** Opening Records to process block **
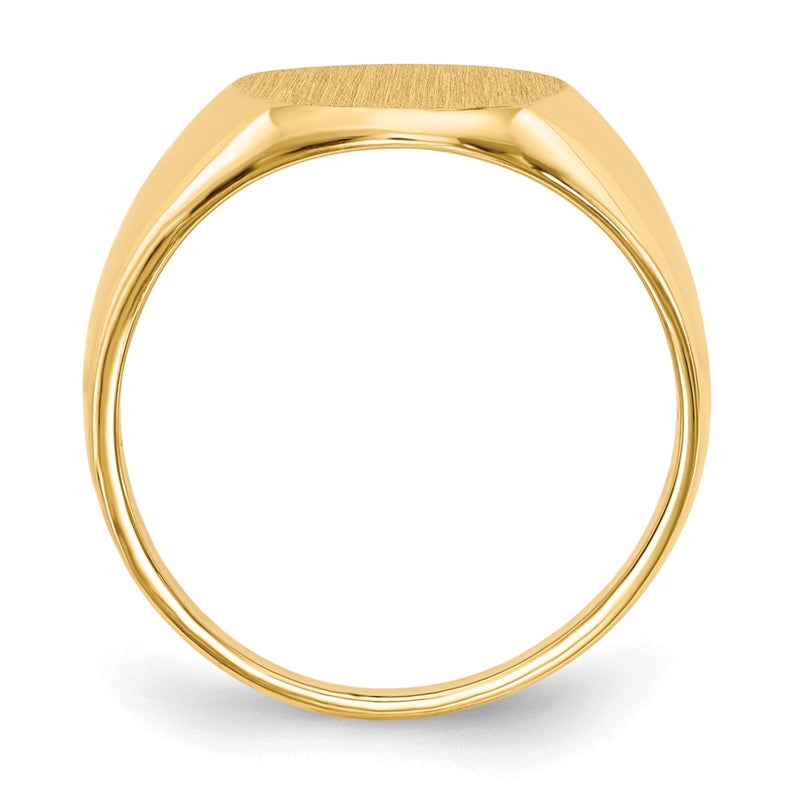 14K Yellow Gold 12.5x11.0mm Open Back Signet Ring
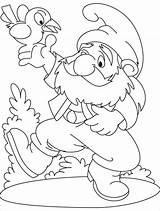 Gnome Coloring Garden Pages Gnomes Drawings Bird Printable Designlooter Kids 795px 55kb Dance sketch template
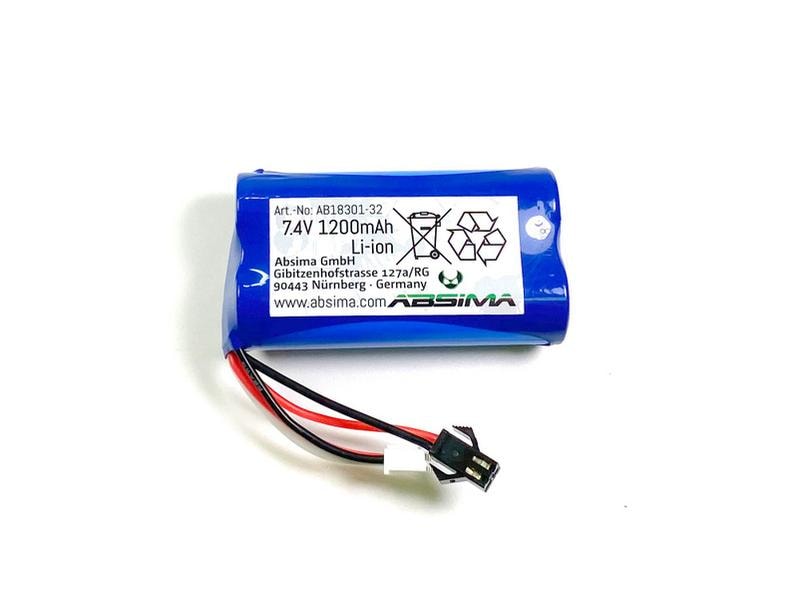 Absima RC-Akku Li-Ion 1200 mAh 7.4 V Ersatz Akku für Absima First Step Performance 1:18 Modelle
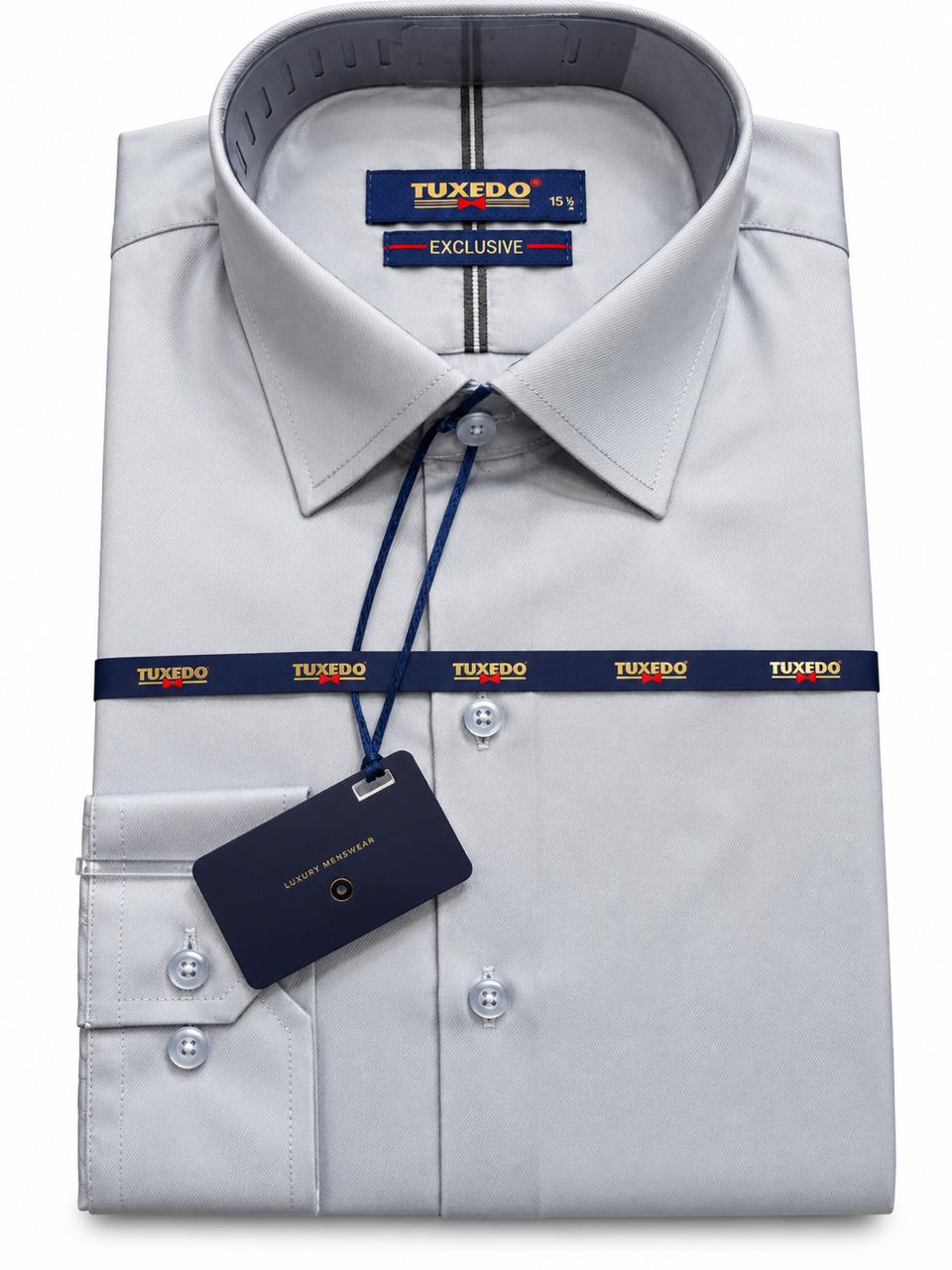 Tuxedo Exclusive Men’s Grey Formal Dress Shirt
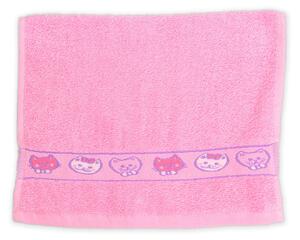Ręcznik dziecięcy KIDS różowy 30x50 cm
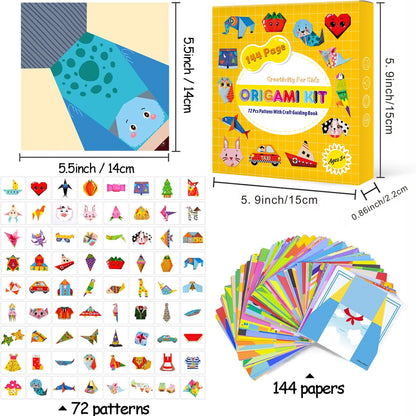 Origami Paper Kit (144 Sheets, 72 Patterns)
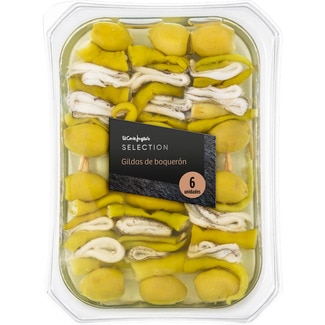 gildas boquerón 6 unidades envase 180 g - El Corte Ingles Selection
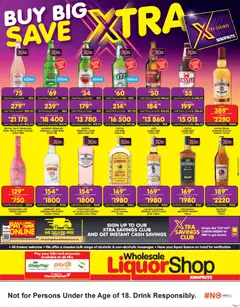 Preview Shoprite Wholesale LiquorShop Specials valid from 09/02/2026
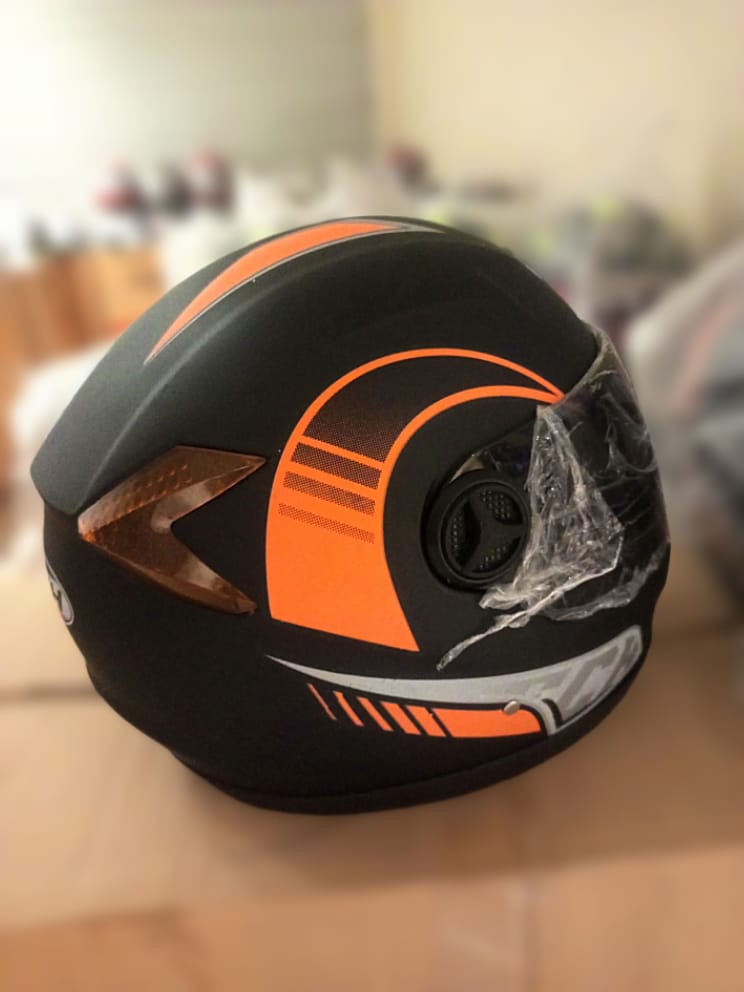Tech Helmet for Rider Full Face Safety Helmet for Bike Motorcycle Durable ABS Shell Impact Resistant Helmet Comfortable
** Closing Records to process block **
◆ What you should do ◆
Reproduce every record above exactly, omitting the pictures.

◆ Exercise answer ◆
 14K Yellow Gold 12.5x11.0mm Open Back Signet Ring
 Gnome Coloring Garden Pages Gnomes Drawings Bird Printable Designlooter Kids 795px 55kb Dance sketch template
 Absima RC-Akku Li-Ion 1200 mAh 7.4 V Ersatz Akku für Absima First Step Performance 1:18 Modelle
 Tuxedo Exclusive Men’s Grey Formal Dress Shirt
Ręcznik dziecięcy KIDS różowy 30x50 cm
 Origami Paper Kit (144 Sheets, 72 Patterns)
 gildas boquerón 6 unidades envase 180 g - El Corte Ingles Selection
 Preview Shoprite Wholesale LiquorShop Specials valid from 09/02/2026
Tech Helmet for Rider Full Face Safety Helmet for Bike Motorcycle Durable ABS Shell Impact Resistant Helmet Comfortable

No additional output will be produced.